START THE DATA

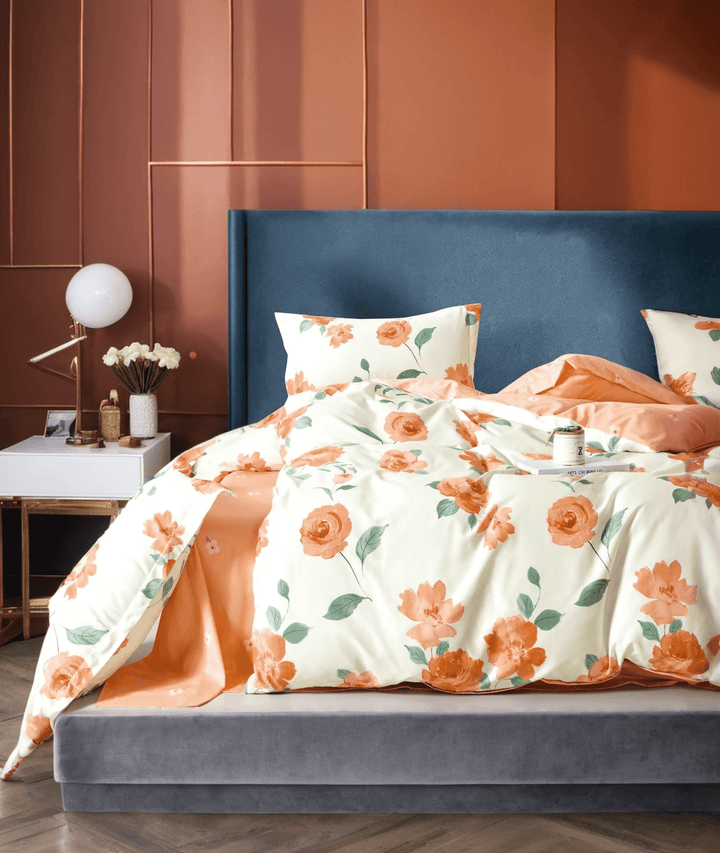 Contryside Style Orange Rose Floral Warm Duvet Cover Bedding Set - Sleepbella Contryside Style Orange Rose Floral Warm Duvet Cover Bedding Set - Duvet cover set / Twin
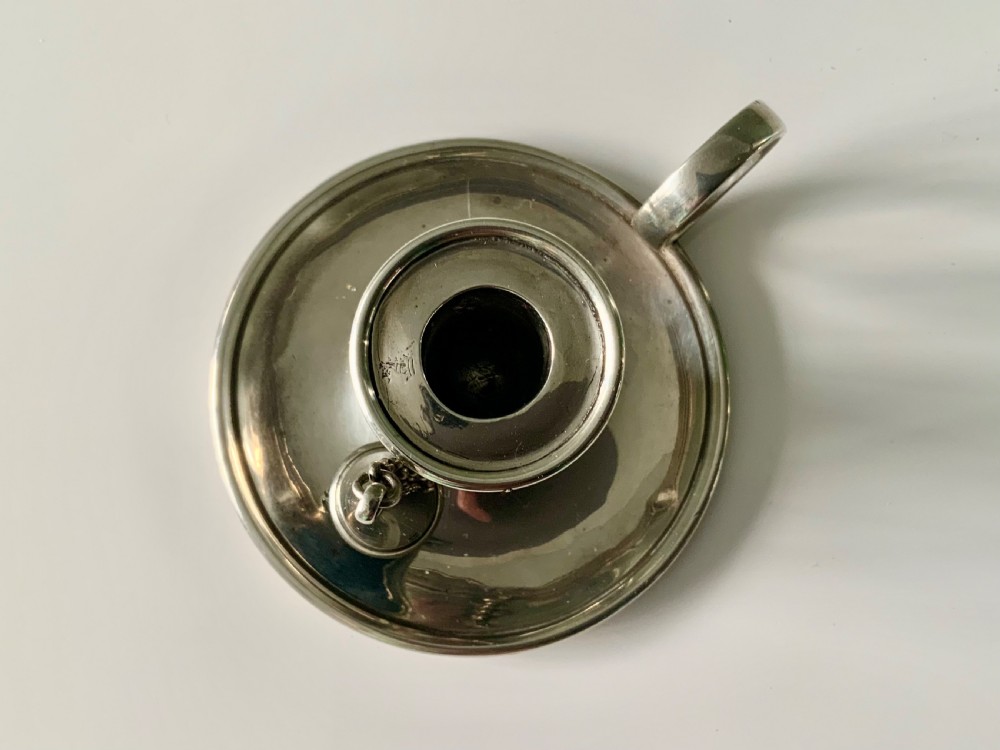 18th century miniature silver chamber stick View II
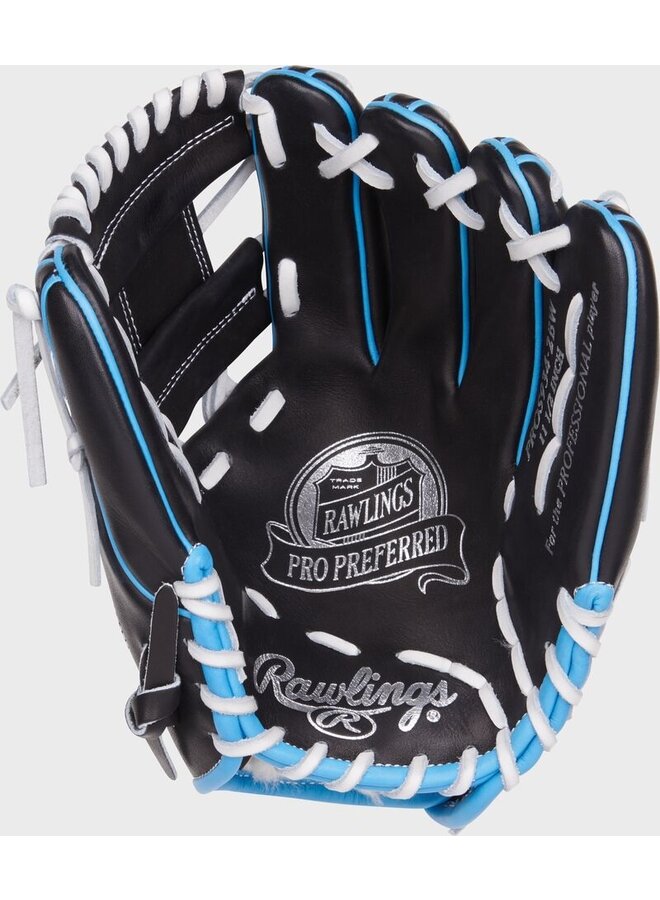 RAWLINGS PRO PREFERRED 2BW BASEBALL GLOVE 11.5" BLACK/BLUE RHT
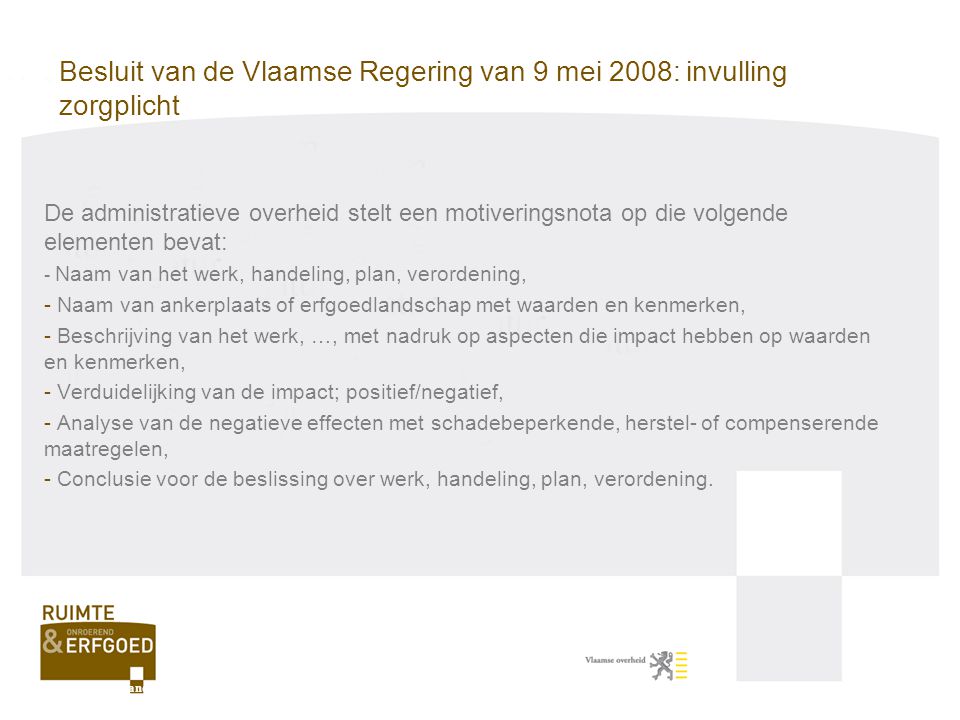 Besluit van de Vlaamse Regering van 9 mei 2008: invulling zorgplicht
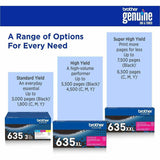 Brother Original Super High Yield Laser Toner Cartridge, 6500 pages, Magenta (BRTTN635XXLM) Each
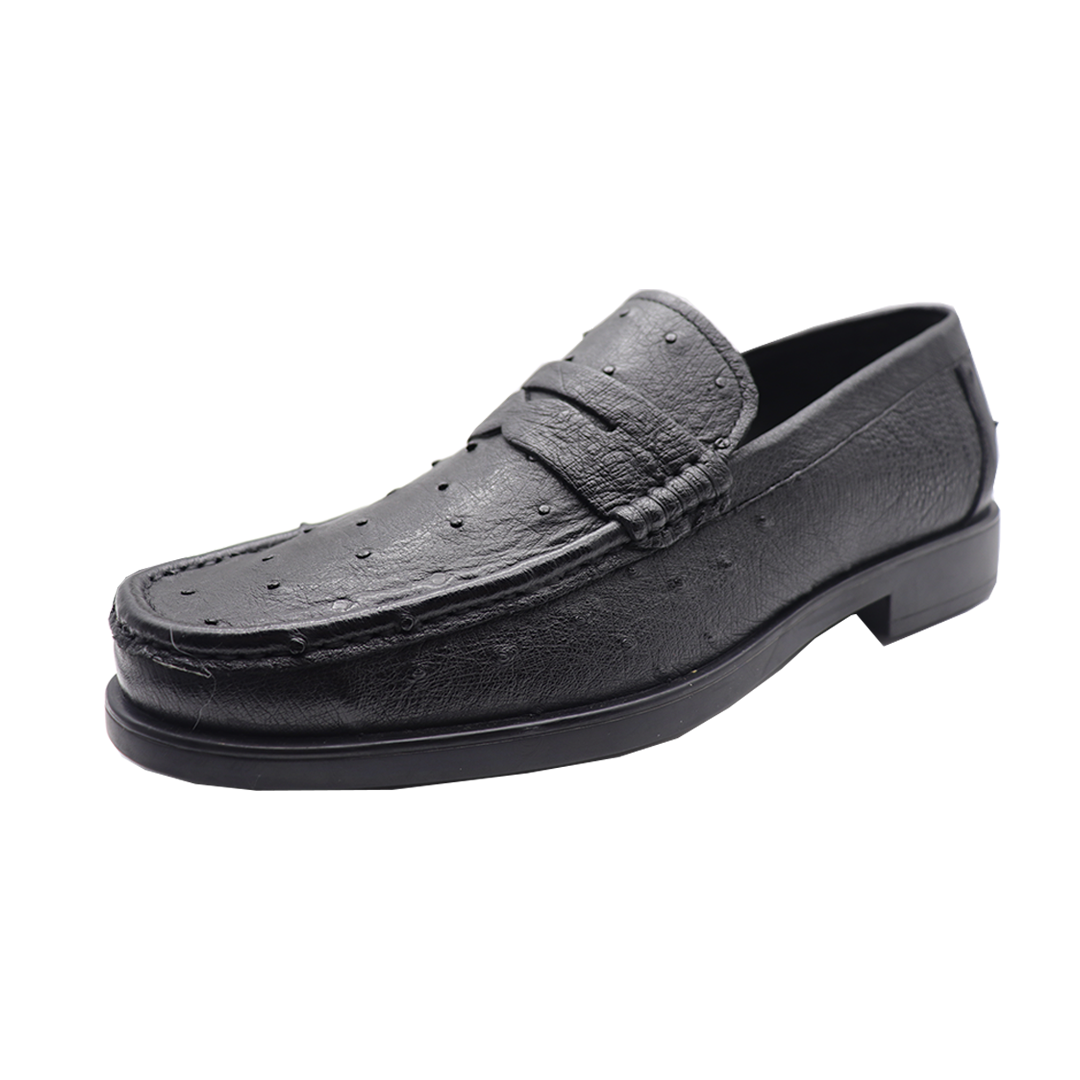 Men's Black Calfskin and ostrich Leather loafers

END THE DATA

Write the entries out again exactly as they appear, with the pictures omitted.

 Contryside Style Orange Rose Floral Warm Duvet Cover Bedding Set - Sleepbella Contryside Style Orange Rose Floral Warm Duvet Cover Bedding Set - Duvet cover set / Twin
 18th century miniature silver chamber stick View II
 RAWLINGS PRO PREFERRED 2BW BASEBALL GLOVE 11.5" BLACK/BLUE RHT
 Besluit van de Vlaamse Regering van 9 mei 2008: invulling zorgplicht
 Brother Original Super High Yield Laser Toner Cartridge, 6500 pages, Magenta (BRTTN635XXLM) Each
 Men's Black Calfskin and ostrich Leather loafers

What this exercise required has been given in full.